Der in Schlesien geborene Masur begann mit fünf Jahren, sich selbst Klavierspielen beizubringen. Eigentlich wollte er Organist werden. Doch als 16-Jähriger erfuhr er, dass seine Finger wegen einer genetischen Sehnenverkürzung verkrüppeln würden. Er sattelte aufs Dirigieren um, studierte an der Musikhochschule Leipzig und wurde bald Chefdirigent bei Walter Felsenstein an der Komischen Oper Berlin sowie bei den Dresdner Philharmonikern. Im August 1970 trat er in die Fußstapfen Felix Mendelssohn Bartholdys – als Kapellmeister des Leipziger Gewandhauses. 27 Jahre sollte er dort wirken.

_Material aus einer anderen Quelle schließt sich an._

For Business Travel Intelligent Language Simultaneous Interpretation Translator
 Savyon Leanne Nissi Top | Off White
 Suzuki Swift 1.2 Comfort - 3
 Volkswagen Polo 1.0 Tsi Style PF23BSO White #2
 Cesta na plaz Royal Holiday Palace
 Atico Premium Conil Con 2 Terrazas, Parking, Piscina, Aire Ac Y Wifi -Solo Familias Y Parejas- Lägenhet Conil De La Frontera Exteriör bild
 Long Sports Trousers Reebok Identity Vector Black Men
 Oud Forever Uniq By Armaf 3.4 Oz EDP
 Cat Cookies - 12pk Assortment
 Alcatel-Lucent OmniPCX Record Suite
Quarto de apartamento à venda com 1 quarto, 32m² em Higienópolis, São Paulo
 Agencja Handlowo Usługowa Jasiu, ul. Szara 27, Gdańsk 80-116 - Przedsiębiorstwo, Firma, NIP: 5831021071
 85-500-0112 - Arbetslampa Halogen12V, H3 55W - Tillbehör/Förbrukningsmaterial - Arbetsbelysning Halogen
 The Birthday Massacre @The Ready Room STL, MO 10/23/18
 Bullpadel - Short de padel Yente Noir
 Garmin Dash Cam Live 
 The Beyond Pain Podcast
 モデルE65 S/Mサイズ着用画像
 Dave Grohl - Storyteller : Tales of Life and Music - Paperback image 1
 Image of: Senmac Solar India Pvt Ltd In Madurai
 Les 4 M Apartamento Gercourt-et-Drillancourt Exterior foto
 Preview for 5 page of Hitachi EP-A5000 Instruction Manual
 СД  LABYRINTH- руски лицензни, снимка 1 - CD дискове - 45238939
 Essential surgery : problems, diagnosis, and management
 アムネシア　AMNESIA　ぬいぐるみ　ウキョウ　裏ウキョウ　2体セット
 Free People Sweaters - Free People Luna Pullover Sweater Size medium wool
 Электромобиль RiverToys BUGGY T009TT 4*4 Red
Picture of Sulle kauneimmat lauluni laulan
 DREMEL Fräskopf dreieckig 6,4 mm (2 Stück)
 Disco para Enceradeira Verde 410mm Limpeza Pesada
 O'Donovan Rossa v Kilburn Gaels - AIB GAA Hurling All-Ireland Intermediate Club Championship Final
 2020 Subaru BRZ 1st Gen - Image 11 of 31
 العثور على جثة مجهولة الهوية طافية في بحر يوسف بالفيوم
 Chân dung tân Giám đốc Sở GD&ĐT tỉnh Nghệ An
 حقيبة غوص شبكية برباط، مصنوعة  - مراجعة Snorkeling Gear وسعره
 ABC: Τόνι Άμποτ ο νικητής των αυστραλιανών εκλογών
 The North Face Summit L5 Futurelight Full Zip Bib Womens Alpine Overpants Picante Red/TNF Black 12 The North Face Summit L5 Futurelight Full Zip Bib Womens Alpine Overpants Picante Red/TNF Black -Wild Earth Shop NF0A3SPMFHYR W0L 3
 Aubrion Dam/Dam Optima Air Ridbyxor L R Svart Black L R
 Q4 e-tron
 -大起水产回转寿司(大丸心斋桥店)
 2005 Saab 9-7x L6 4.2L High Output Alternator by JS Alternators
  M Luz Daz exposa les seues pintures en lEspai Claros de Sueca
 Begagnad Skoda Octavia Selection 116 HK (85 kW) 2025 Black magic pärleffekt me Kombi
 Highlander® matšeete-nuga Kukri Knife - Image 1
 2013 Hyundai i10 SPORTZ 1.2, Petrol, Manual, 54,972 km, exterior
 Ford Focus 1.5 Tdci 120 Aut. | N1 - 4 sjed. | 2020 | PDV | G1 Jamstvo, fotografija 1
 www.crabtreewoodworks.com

Von 1991 bis 2002 war er Chefdirigent der New Yorker Philharmoniker, von 2002 bis 2007 in gleicher Funktion beim London Philharmonic Orchestra; und bis 2008 leitete er das Orchestre National de France. Noch als über 80-Jähriger tourte er neun Monate im Jahr um die Welt. „Es hält mich fit, wenn ich weiß, morgens um 10 Uhr ist Probe. Soll ich aufhören und auf den Tod warten?“, sagte der Maestro. Auch nach einem Sturz im Frühjahr 2012 in Paris, bei dem er sich das Schulterblatt gebrochen hatte, kehrte er an das Dirigentenpult zurück.
Bei den Salzburger Festspielen trat er als Dirigent von Wiener Philharmonikern, Gewandhausorchester und New York Philharmonic auf.